** Task input **
-------------------------

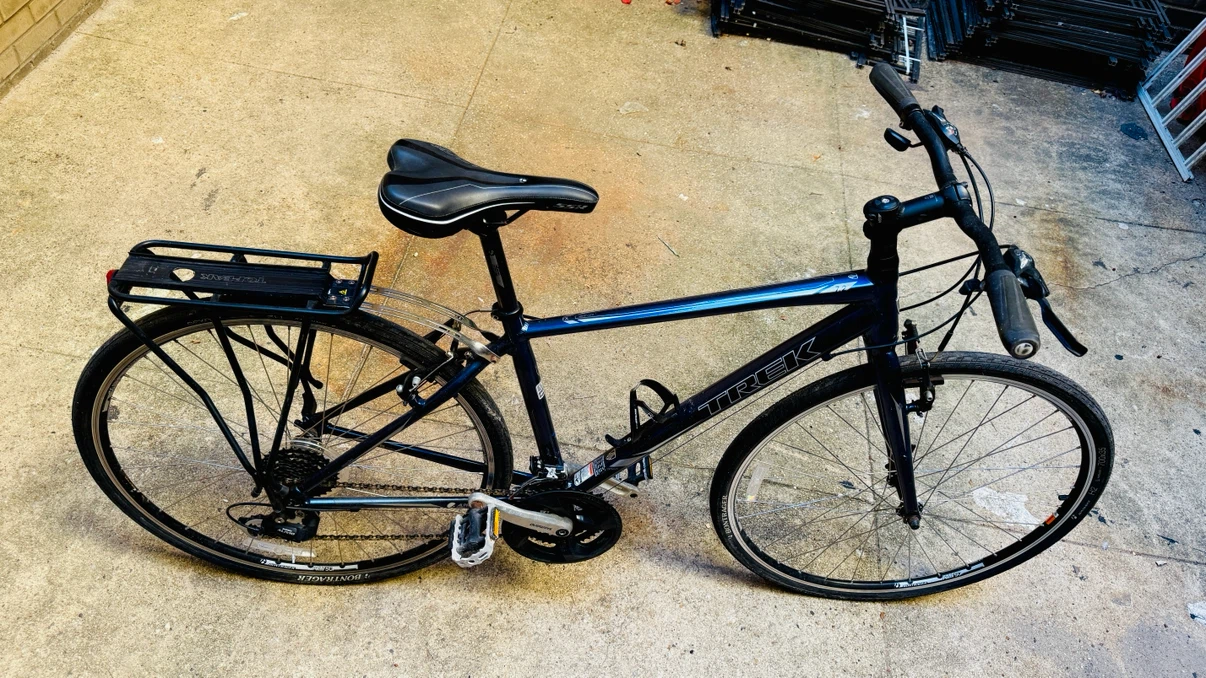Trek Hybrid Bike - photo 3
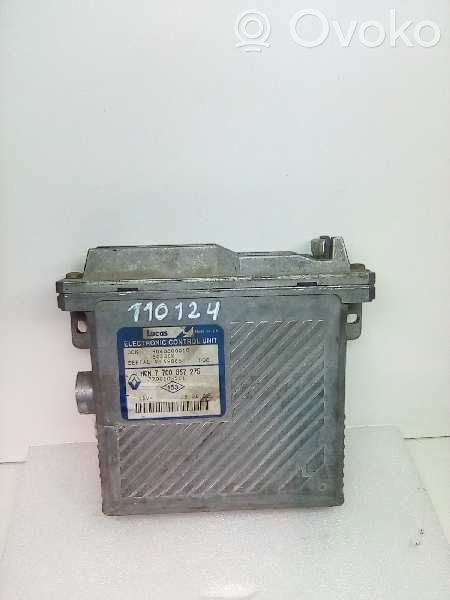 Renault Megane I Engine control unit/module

-------------------------

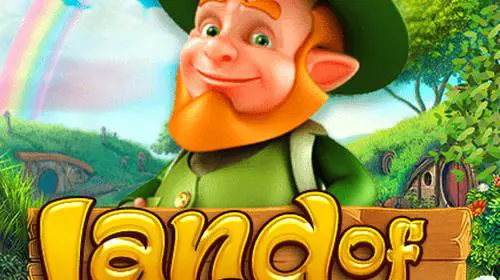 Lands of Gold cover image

-------------------------

** What the task asks **
Repeat exactly the lines above, beginning at the one containing "Trek Hybrid Bike - photo 3" and ending at the one containing "Renault Megane I Engine control unit/module". Do not carry over any pictures.

** Reply **
Trek Hybrid Bike - photo 3
 Renault Megane I Engine control unit/module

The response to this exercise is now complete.